--- WORK TASK ---
In the material below, the lines between the one holding "Ruud and Hurkacz" and the one holding "El triatleta de", inclusive, are to be set down word for word. Pictures stay out.
Start of DATASET EXTRACT
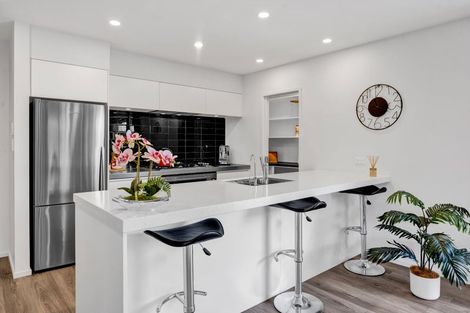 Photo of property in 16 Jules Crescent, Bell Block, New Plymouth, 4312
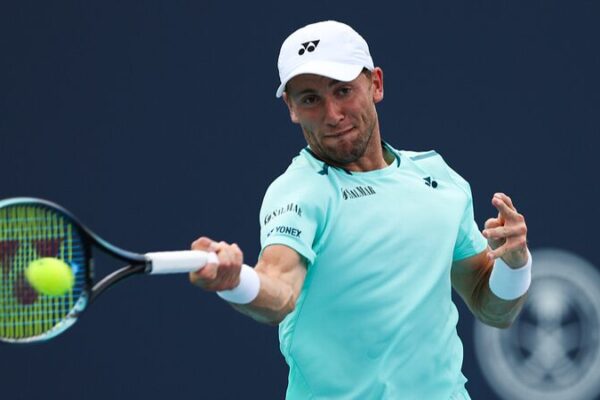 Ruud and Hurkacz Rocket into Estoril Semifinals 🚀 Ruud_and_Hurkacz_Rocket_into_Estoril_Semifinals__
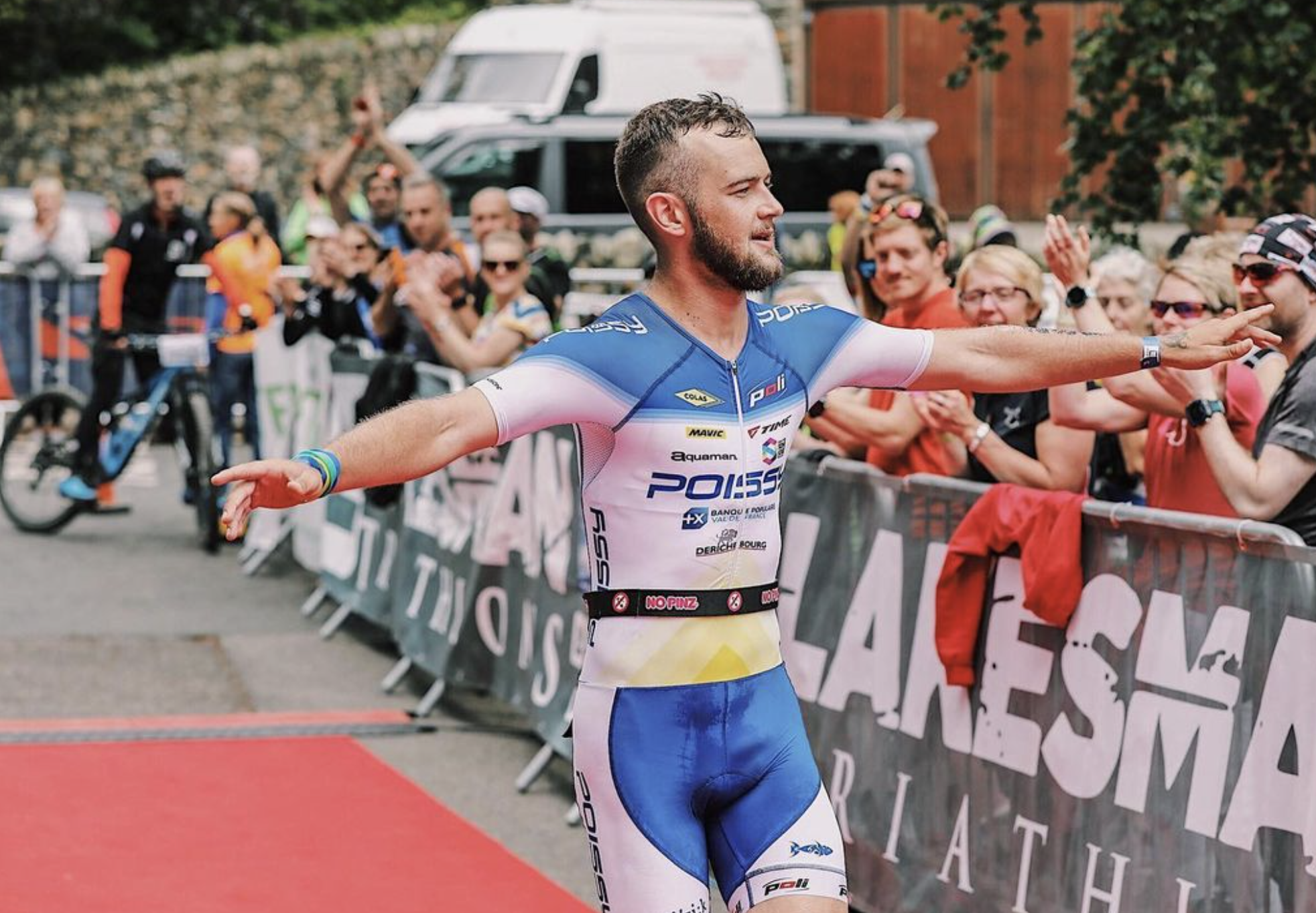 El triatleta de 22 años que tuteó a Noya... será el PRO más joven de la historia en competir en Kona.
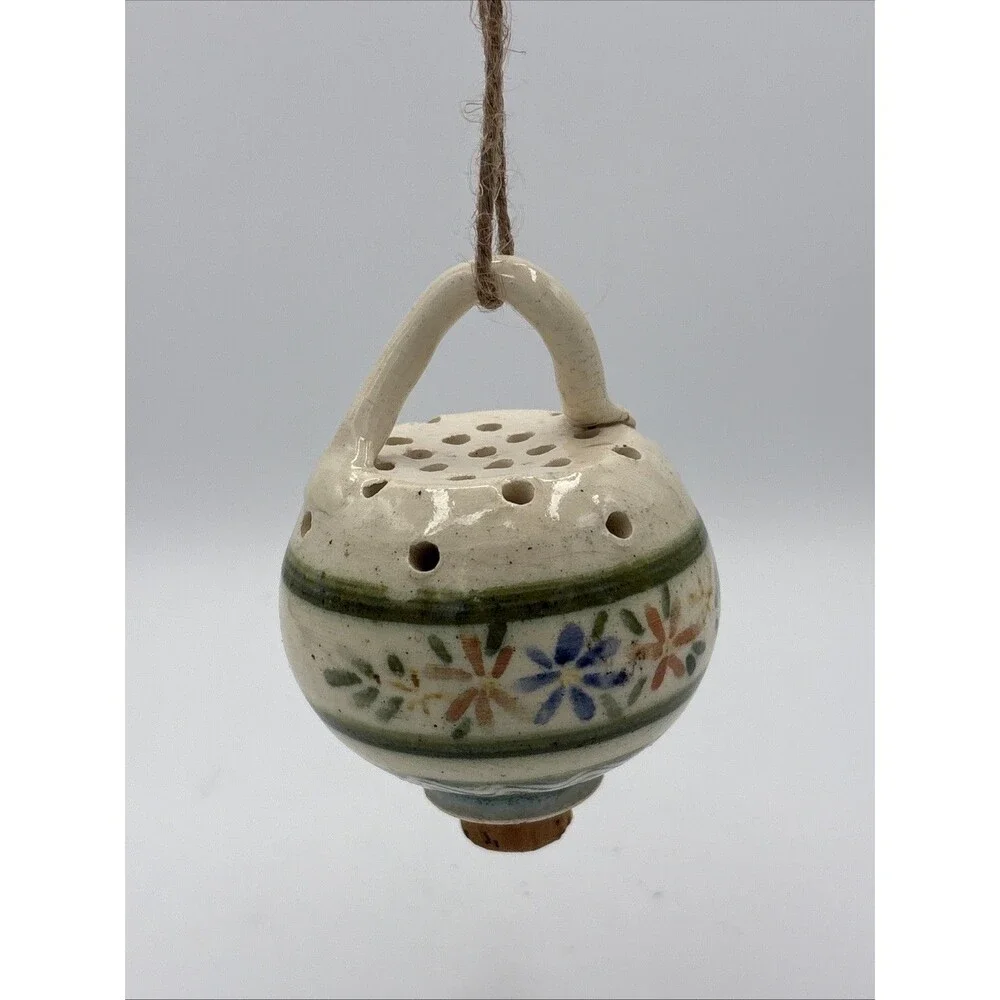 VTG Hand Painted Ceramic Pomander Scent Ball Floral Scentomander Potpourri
End of DATASET EXTRACT
--- TASK RESPONSE ---
 Ruud and Hurkacz Rocket into Estoril Semifinals 🚀 Ruud_and_Hurkacz_Rocket_into_Estoril_Semifinals__
 El triatleta de 22 años que tuteó a Noya... será el PRO más joven de la historia en competir en Kona.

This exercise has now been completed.